Maximum Depth of Binary Tree

Given the root of a binary tree, return its maximum depth — the number of nodes along the longest path from the root to the farthest leaf.

Example

Input:  root = [3, 9, 20, null, null, 15, 7]
        3          ← depth 1
       / \
      9  20        ← depth 2
         / \
        15   7     ← depth 3

Output: 3

Constraints

• 0 ≤ number of nodes ≤ 100  |  -100 ≤ Node.val ≤ 100

1. Breadth-First Search O(n) · level-order ★

Intuition

BFS naturally maps to depth: each full iteration of the while loop processes one complete level. Count the iterations — that count is the depth.

• Push the root, then level = 0.
• Each while iteration: process every node currently in the queue (one full level), enqueue their children, then level += 1.
• When the queue empties, level equals the number of levels = max depth.

The visualization colors each level distinctly and shows the queue refilling with the next level's nodes. The MAX DEPTH counter in the top-right ticks up as each level completes.

Time: O(n)  |  Space: O(n) — queue holds at most one full level (up to n/2 nodes)

2. DFS — Recursive O(n) ★

Intuition

The depth of a tree is 1 + max(depth(left), depth(right)). Base case: nullhas depth 0. The recursion unrolls bottom-up — leaves return 1, each internal node adds 1 to the deeper child's result, and the answer bubbles back to the root.

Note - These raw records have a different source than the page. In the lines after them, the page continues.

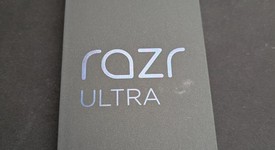 Mint
													Motorola Razr Ultra (2025) - T-Mobile, PANTONE Scarab, 512 GB, 16 GB, photo 3 of 10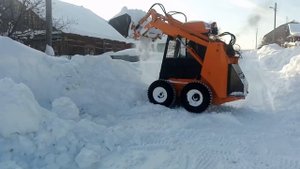 Демонстрация минипогрузчика ПУМ500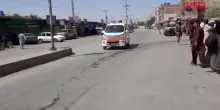 Pakistan, autobomba sul quartier generale dei paramilitari a Quetta: le immagini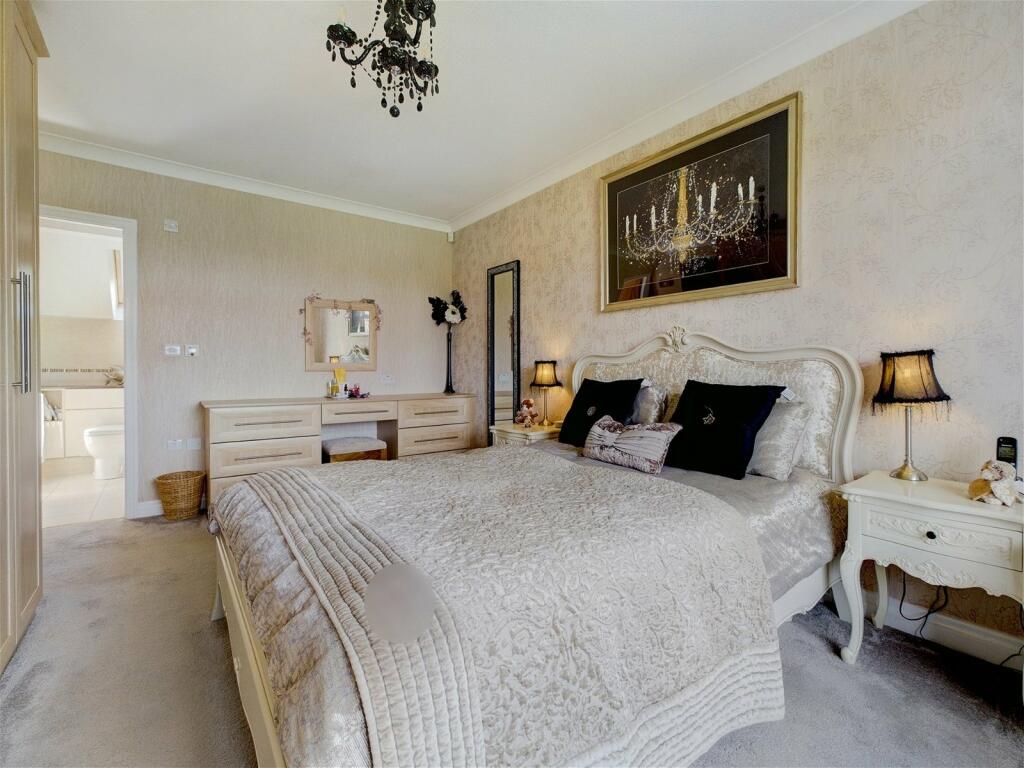 4 bedroom detached house for sale in 39, Ferney Field Road, Chadderton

• The visualization shows the call stack panel and annotates each node with its computed return value (green bubble) as the recursion unwinds upward.
• Purple = currently active frame. Green bubble = return value resolved for that node.

Time: O(n)  |  Space: O(h) — O(log n) balanced, O(n) skewed

3. DFS — Iterative (Stack) O(n)

Intuition

Push (node, depth) pairs onto a stack. Each pop: update res = max(res, depth), then push children with depth + 1. When the stack empties, res holds the answer.

• The stack panel shows (val, d=N) pairs; the MAX DEPTH counter tracks res live.
• Blue d=N badges appear on visited nodes showing the depth at which they were processed.

Time: O(n)  |  Space: O(n)

Common Pitfalls

• Confusing depth with height: depth counts from the root down (root = depth 1). Height counts from leaves up. For this problem both are equivalent (max depth = height), but be consistent — returning 0 for a single-node tree vs. 1 depends on convention. The problem defines single-node = depth 1.
• Not handling empty tree: always return 0 for a null root. Accessing root.left without a null check crashes immediately.
• BFS: not snapshotting level size: in BFS the inner loop must iterate exactly len(q) times at the start of the outer loop. If you call len(q) inside the loop it changes as you enqueue children, causing wrong level boundaries.
• Iterative DFS: forgetting to track depth per node: unlike BFS where depth is implicit in the level count, DFS needs to carry depth explicitly — either as a pair in the stack or via a separate map.